**Dataset entries:**

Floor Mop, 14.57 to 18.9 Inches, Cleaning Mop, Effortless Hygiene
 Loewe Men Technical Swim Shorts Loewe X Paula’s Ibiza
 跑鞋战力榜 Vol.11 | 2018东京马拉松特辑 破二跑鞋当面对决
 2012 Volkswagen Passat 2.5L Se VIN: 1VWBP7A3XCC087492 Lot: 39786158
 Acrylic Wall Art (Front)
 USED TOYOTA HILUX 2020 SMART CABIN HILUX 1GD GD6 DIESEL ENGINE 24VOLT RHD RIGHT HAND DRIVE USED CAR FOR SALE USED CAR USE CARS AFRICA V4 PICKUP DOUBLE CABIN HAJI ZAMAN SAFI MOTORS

**Task brief:** Word for word, write out all of the data above.

**Written response:**
Floor Mop, 14.57 to 18.9 Inches, Cleaning Mop, Effortless Hygiene
 Loewe Men Technical Swim Shorts Loewe X Paula’s Ibiza
 跑鞋战力榜 Vol.11 | 2018东京马拉松特辑 破二跑鞋当面对决
 2012 Volkswagen Passat 2.5L Se VIN: 1VWBP7A3XCC087492 Lot: 39786158
 Acrylic Wall Art (Front)
 USED TOYOTA HILUX 2020 SMART CABIN HILUX 1GD GD6 DIESEL ENGINE 24VOLT RHD RIGHT HAND DRIVE USED CAR FOR SALE USED CAR USE CARS AFRICA V4 PICKUP DOUBLE CABIN HAJI ZAMAN SAFI MOTORS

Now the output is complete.